Further, our CNN resulted in incorrect scoring for some images. The cause of the mistakes was unknown because the features captured by CNN to make its decisions were unknown. This is a common problem in AI implemented by deep learning19.

This study has several limitations. First, the validation participants did not include any patients with finger tremors. As per Folstein’s guidelines for the MMSE, tremors should be ignored when scoring various test results, but it is often difficult to evaluate PCT images for patients with finger tremors. Building on the findings of this study, future studies should examine the robustness of our CNN when evaluating PCT images from patients with finger tremors.

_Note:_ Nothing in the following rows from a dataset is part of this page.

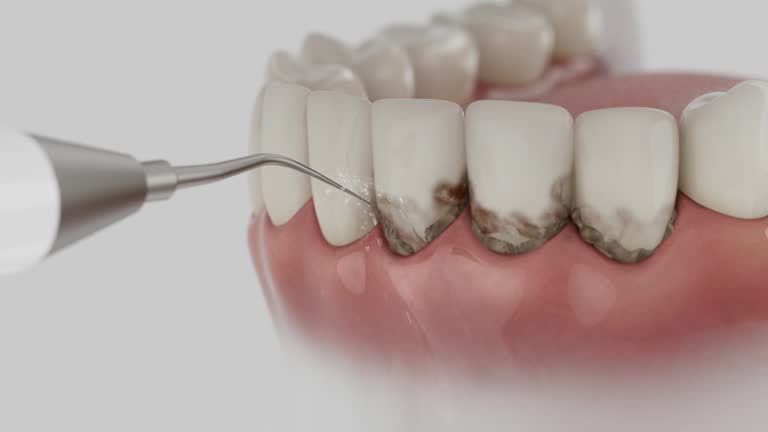 Reliable Emergency Dentist contractor in Park River, ND by Smile Center Dentistry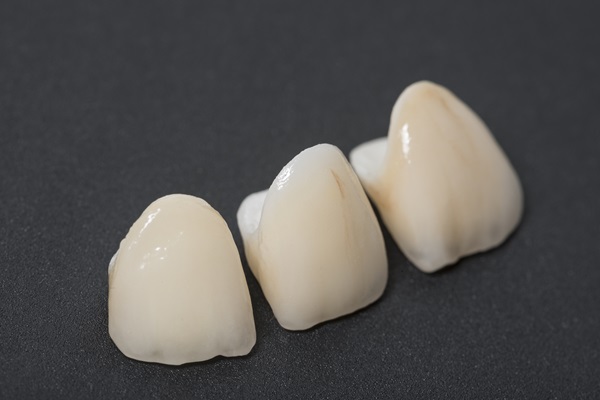 CEREC Crowns Compared To Other Restorations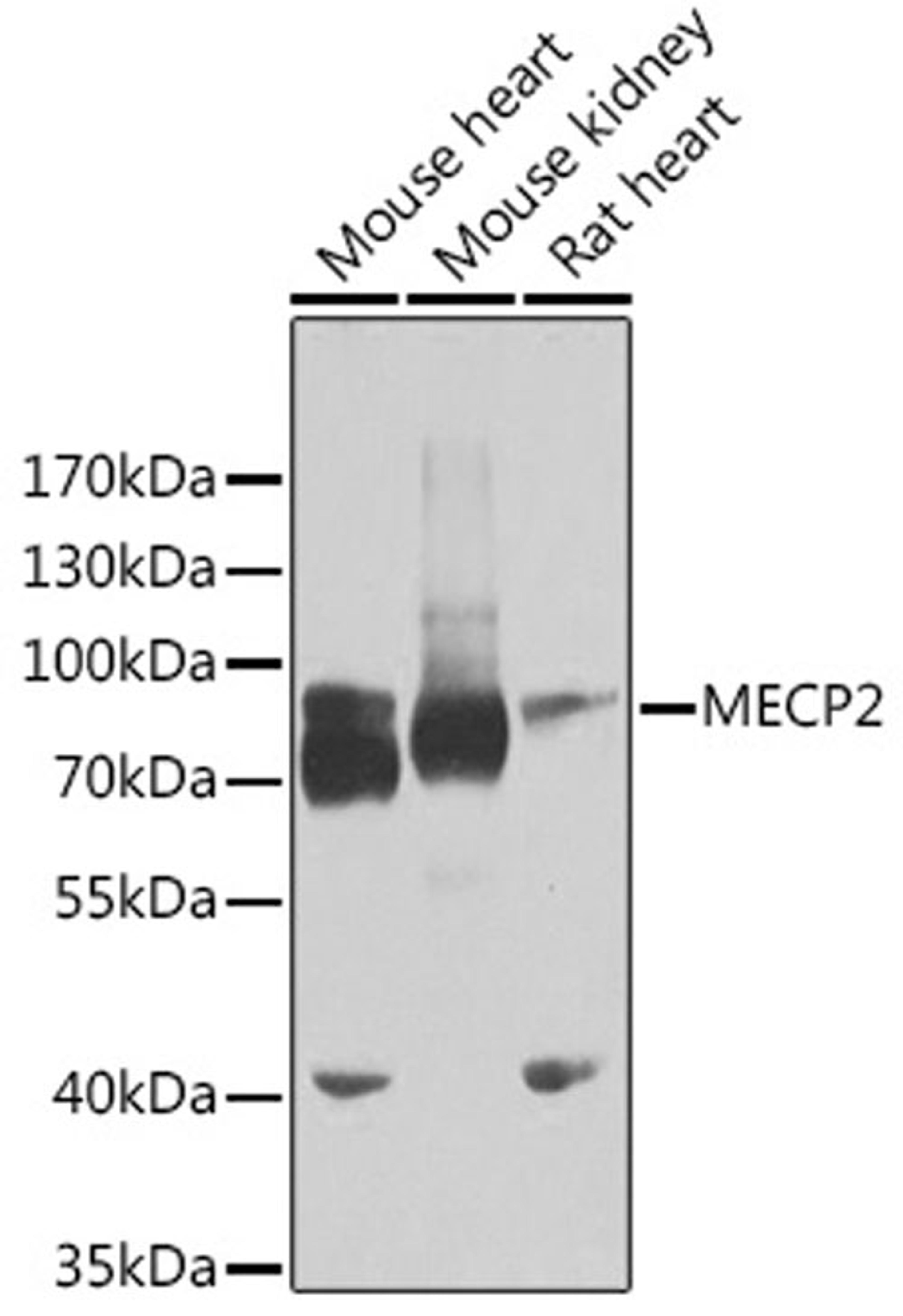 Western blot - MECP2 antibody (A5694)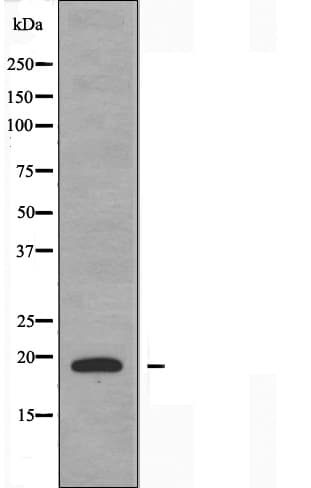 TNFSF15 / TL1A / VEGI Antibody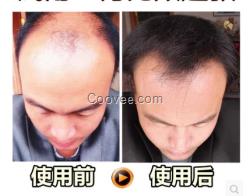 治疗<em>中年白发</em>偏方防脱止脱品牌推荐瑶元堂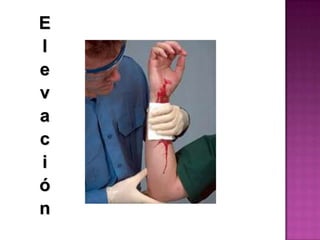 Elevación de la extremidadLa extremidad que presente una hemorragia intensa que no se contenga con los métodos anteriores, deberá elevarse por encima del nivel del corazón de la víctima, solo cuando no tenga alguna fractura.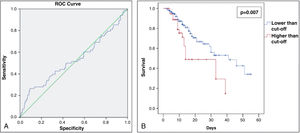(A) Receiver operating characteristic (ROC) curve for % of COVID-19-related lung involvement from the study patients admitted at the Hospital Geral de Fortaleza in 2021. (B) Sixty day–survival curve from the study patients admitted at the Hospital Geral de Fortaleza in 2021, comparing lower and higher cut-off (%) of COVID-19-related lung involvement.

This study also has certain strengths. In the present study, a fine-tuned CNN based on pre-trained GoogLeNet CNN automatically scored the PCT images; the results were in high agreement with the results obtained by clinical psychologists using Folstein’s MMSE criteria (AUROC, 0.931). The automatic scoring of PCTs using the CNN presented here does not require any input using mobile devices and removing artifacts. Therefore, there are fewer restrictions for conducting the test. An automatic PCT scoring using CNNs may reduce the burden and assessment bias of raters in dementia screening.